7.酔い止めに考えを巡らせたら、見落としました
乗り心地の悪い馬車に再び揺られながら、王太子リアトリスは溜め息をついた。正面に座る聖女に席を譲ったため、進行方向に背を向けて座っている。おかげで、行きより酔いが早かった。王太子たるもの、ここで吐くわけにいかない。
貴族女性を悩殺する整った顔を顰め、王太子は必死に耐えていた。その表情を正面で受け止めるクナウティアは、居心地の悪さに視線を外へずらす。さきほどの神殿でのやり取りで、王太子リアトリス殿下と騎士ガウナを伴い、王宮へ向かうことになった。
聖女は国王と並ぶ高い地位を与えられる。彼女を着飾らせて王宮の謁見に向かわせるのは、神殿の役目だった。しかし聖女本人が神殿を嫌うのなら、王宮へ連れ帰るのが正解だろう。向かいで青ざめた顔の聖女は、きょろきょろと窓の外を気にしている。
「あの、帰してくれるんですよね? 道が違うみたいで」
「道が? この馬車は王宮へ向かっている」
きょとんとした顔の聖女は、16歳とは思えない幼さだった。外見はもちろん、考え方や口調も幼い気がする。よほど大切に箱入りで育てられたのか。男爵令嬢だったと聞くが……事前情報を頭の中で整理しながら、目の前の少女と照合していく。

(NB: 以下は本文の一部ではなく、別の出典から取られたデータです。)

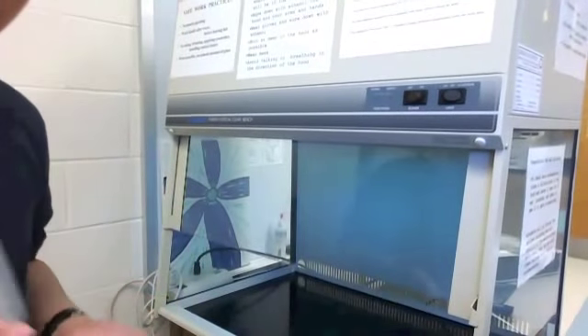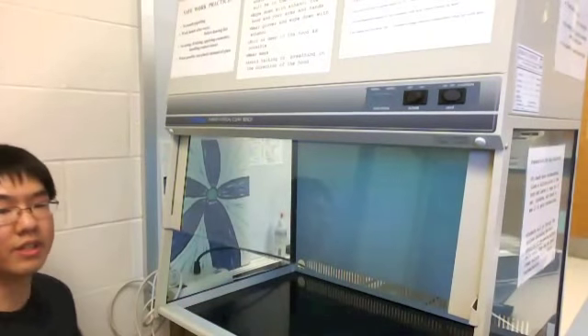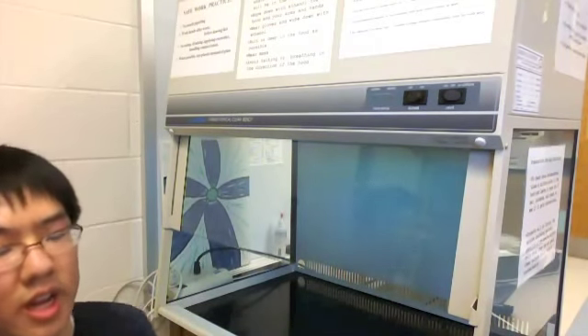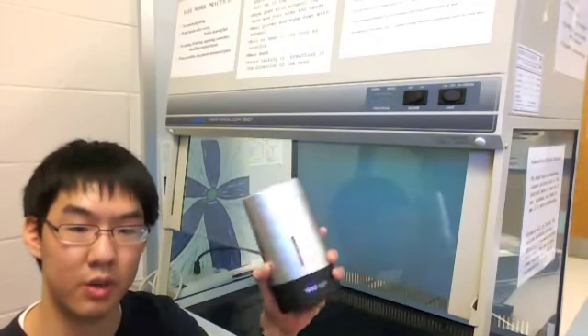This is the little environment where you work, culture your things, and transfer bacteria. Basically, right now I have a UV light on, which kills any bacteria inside this machine. As you guys may know, UV light kills germs, and that's what this sanitizer is supposed to do on a smaller scale.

高価ではないが絹のドレスを着ている。清潔そうなアイボリーの色は好感が持てた。袖と襟に刺繍が施され、瞳と同じ若草色の糸が茎や葉を表現している。髪色のピンクで小花が刺された刺繍は、素人の作品なのだろう。わずかに歪な部分もあるが、逆に彼女の素朴さを引き立てていた。
艶のある髪はピンクブロンド、女神ネメシアの薔薇色をふわふわと背に揺らす。帽子を被った跡が髪に癖を残していた。気になって手を伸ばしかけ、無礼かもしれないと声をかける。
「髪が少し乱れているようだが、触れてもいいか?」
「は、はい」
そっと触れた髪は柔らかかった。手触りのいい絹のような髪を指先で直してやり、リアトリスは微笑んだ。王太子としての口調は少し硬い。普段は一人称を僕とするリアトリスは、それでも地位に相応しい話し方を心がけた。

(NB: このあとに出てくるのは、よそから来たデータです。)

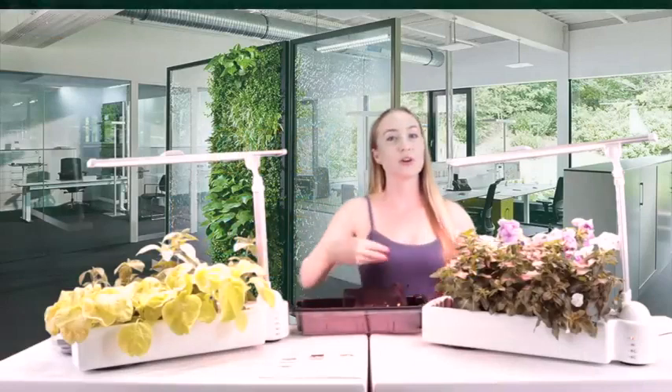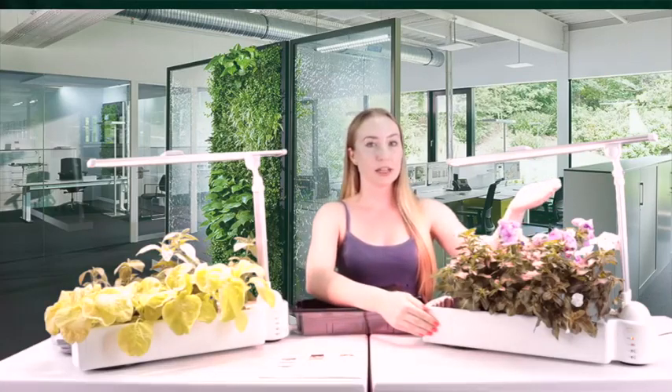I would also like to talk to you about their other O2 table garden. This one allows you to bring flowers from outside, inside. It has an LED full spectrum light, which will allow the plants to continue to grow and keep going through photosynthesis, which gets rid of toxins in the air.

これから数十年にわたり、このセントランサス国を守護する聖女なのだ。女神の加護を請うて与える聖女の存在は吉兆であり、同時に魔王復活の凶兆でもあった。
聖女誕生は、光と闇を同時にもたらす。国を富ませる女神の加護を得るには、聖女の存在は不可欠だった。聖女がいれば実りは豊かになり、他国の脅威も退けることができる。天候も温暖で雨に困らず、天災も減った。

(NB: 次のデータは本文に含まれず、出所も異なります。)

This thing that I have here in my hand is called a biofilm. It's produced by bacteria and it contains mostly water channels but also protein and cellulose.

いいことばかりのようだが、聖女が不定期に選ばれる理由は別にある。女神ネメシアが己の代理人である聖女を地上の乙女から選ぶのは、魔王が復活するからだ。倒された魔王が魔力を溜めて復活する、そのたびに聖女は現れた。
聖力を使うことができる聖女、魔法を使う血筋を護る王侯貴族から選ばれる賢者、異世界から召喚する勇者――この3人が集まり、初めて魔王と戦うことが出来る。聖女が選ばれた今、選ばれた血を持つ王侯貴族の中で最も魔力量の高い王太子は、賢者として魔王と戦うことになるだろう。
戦いに赴くなら、まだ幼い弟に王太子の座を預ける必要があるか。召喚の準備は王宮で進められている。魔王復活の噂はまだだが、近々どこかの村が襲撃される可能性があった。軍を派遣して民を守るよう指示を出さなくては……。
王太子の頭の中は忙しく、それゆえに目の前の少女の動向を見逃してしまった。